Peneliti CIPS Imelda Freddy mengatakan riset di Dompu, Nusa Tenggara Barat dan Sumenep, Madura menghasilkan rekomendasi supaya pemerintah memperhatikan kekuatan pasar jagung di daerah. “Sehingga identifikasi program Upsus bisa diterapkan dengan mekanisme yang cocok,” kata Imelda di Jakarta, Selasa (24/7).

(Baca juga: Harga dan Mutu, Alasan Pelaku Industri Memilih Jagung Impor).

Hasil riset yang mereka lakukan menunjukkan ada tiga jenis klasifikasi daerah penerima bantuan benih, yaitu pasar jagung kuat, pasar jagung semi kuat, dan pasar jagung lemah. Kekuatan pasar digolongkan dalam komponen interaksi pelaku usaha (pembeli dan penjual), praktik budidaya pertanian yang baik, serta pendukung lain seperti infrastruktur, irigasi, dan modal.

CIPS menilai bantuan lebih tepat diarahkan kepada pasar semi-kuat, misalnya di Sumenep. Di sana, program bantuan benih berhasil dilakukan dalam waktu tiga tahun. Catatannya, benih jagung bisa membuat petani menjadi mandiri sehingga bisa masuk ke pasar yang kuat.

Sedangkan untuk daerah dengan pasar jagung lemah, pemerintah disarankan untuk menghentikan program Upsus. Yang tergolongan daerah ini yakni Aceh Selatan, Garut, dan Jayapura. “Jika daerah memiliki komoditas lain yang lebih kuat, sebaiknya komoditas lain itu yang lebih dikembangkan petani,” ujar Imelda.

Sementara itu, program Upsus untuk daerah pasar jagung yang kuat tidak akan efektif karena program bantuan dapat menghalangi keberlangsungan petani, sektor swasta, dan industri jagung yang berkelanjutan. Contohnya, petani di daerah Dompu dan Gorontalo sudah mampu membeli benih berkualitas dari sektor swasta.

Sementara itu, Perencana Ahli Utama, Direktorat Pangan dan Pertanian, Badan Perencanaan Pembangunan Nasional (Bappenas) Nono Rusono mengatakan penyediaan benih dan luas tanam sebenarnya terus meningkat dari 2014 hingga 2016. Sayangnya, hal itu tidak diiringi dengan produktivitas yang ikut meningkat. “Kami mengarahkan supaya tidak lagi ekstensifikasi untuk swasembada,” kata Nono.
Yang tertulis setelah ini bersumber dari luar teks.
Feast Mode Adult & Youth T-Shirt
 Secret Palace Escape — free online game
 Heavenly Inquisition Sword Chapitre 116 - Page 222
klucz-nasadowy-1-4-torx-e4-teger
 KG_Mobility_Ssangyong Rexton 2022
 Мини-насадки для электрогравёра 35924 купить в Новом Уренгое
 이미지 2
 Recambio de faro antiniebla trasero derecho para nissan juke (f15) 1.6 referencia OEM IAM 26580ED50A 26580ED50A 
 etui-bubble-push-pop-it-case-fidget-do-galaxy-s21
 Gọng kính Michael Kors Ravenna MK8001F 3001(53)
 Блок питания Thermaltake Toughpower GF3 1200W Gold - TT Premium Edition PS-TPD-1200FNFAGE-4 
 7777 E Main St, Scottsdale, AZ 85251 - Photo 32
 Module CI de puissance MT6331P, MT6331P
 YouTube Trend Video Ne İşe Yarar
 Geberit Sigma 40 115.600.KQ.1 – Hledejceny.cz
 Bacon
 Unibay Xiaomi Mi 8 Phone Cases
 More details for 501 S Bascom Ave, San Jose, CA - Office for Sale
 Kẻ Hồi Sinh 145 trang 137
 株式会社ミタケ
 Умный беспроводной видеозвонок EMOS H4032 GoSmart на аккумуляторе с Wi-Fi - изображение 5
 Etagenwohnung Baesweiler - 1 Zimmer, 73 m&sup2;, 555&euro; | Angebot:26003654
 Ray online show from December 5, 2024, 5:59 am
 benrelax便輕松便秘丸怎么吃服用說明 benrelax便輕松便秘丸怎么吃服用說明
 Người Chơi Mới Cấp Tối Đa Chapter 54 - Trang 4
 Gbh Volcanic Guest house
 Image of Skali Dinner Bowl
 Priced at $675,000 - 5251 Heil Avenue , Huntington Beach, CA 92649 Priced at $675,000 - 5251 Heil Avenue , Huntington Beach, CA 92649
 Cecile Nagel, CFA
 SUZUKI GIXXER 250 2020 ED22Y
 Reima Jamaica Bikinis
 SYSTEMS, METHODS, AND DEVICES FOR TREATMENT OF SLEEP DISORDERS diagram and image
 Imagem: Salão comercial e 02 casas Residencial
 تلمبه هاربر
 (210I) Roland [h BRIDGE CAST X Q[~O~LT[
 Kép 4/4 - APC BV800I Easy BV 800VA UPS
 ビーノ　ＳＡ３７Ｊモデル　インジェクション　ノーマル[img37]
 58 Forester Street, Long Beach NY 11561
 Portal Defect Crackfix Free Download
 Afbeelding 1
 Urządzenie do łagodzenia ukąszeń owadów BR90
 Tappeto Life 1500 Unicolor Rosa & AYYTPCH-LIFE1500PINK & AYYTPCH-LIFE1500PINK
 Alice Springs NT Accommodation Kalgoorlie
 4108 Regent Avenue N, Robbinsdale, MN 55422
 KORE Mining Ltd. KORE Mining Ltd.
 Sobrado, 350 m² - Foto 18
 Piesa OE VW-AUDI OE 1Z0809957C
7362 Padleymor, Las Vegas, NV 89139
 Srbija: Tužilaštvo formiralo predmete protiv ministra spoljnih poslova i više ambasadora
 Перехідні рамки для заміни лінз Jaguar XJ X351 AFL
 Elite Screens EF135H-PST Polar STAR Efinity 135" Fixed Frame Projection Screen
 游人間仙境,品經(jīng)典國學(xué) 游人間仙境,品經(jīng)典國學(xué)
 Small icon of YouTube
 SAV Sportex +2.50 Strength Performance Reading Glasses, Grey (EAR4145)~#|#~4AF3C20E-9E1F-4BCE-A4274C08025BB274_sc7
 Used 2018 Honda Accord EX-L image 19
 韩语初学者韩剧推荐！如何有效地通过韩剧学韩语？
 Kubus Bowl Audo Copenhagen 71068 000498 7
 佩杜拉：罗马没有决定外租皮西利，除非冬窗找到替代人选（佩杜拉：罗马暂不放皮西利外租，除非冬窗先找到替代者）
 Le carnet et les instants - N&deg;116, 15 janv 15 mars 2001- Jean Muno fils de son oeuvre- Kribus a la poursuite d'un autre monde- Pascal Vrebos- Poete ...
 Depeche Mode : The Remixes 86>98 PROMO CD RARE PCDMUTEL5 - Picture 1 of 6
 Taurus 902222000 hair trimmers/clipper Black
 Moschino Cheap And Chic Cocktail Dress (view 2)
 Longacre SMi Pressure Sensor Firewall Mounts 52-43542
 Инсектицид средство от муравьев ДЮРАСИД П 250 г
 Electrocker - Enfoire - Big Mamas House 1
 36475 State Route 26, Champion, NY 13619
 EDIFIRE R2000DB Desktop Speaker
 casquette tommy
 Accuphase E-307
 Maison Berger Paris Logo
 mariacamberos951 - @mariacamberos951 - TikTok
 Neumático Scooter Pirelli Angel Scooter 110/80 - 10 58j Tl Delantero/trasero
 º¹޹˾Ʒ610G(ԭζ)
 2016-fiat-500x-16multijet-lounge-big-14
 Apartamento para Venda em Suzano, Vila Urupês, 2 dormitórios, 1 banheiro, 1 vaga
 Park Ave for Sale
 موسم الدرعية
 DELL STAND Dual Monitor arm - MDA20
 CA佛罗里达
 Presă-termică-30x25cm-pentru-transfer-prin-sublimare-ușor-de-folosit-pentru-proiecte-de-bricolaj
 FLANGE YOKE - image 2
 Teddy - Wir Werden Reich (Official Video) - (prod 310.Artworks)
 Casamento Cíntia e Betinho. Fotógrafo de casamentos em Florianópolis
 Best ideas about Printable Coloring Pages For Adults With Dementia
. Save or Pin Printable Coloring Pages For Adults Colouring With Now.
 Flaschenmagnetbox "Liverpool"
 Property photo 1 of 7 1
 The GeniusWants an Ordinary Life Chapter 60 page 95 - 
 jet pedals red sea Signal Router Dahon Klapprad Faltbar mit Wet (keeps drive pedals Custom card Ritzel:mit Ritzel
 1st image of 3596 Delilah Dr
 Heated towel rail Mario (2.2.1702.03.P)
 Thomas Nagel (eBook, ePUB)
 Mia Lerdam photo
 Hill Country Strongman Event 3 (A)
Menurutnya, intansi teknis seperti Kementerian Pertanian seharusnya meningkatkan produksi komoditas lain supaya perencanaannya semakin jelas. Terutama untuk produk hortikultura seperti bawang dan cabai yang musim tanamnya masih fluktuatif sepanjang waktu.

Hal ini penting, kata dia, mengingat persediaan komoditas pangan yang ada di pasar bakal mempengaruhi harga sesuai hukum ekonomi. Oleh karena itu, Bappenas meminta kebijakan dari sisi hulu sebuah produk dapat menjaga sisi harga di hilir, sehingga tidak terjadi inflasi. (Baca pula: Dorong Produktivitas, BISI Tingkatkan Program Kemitraan Petani).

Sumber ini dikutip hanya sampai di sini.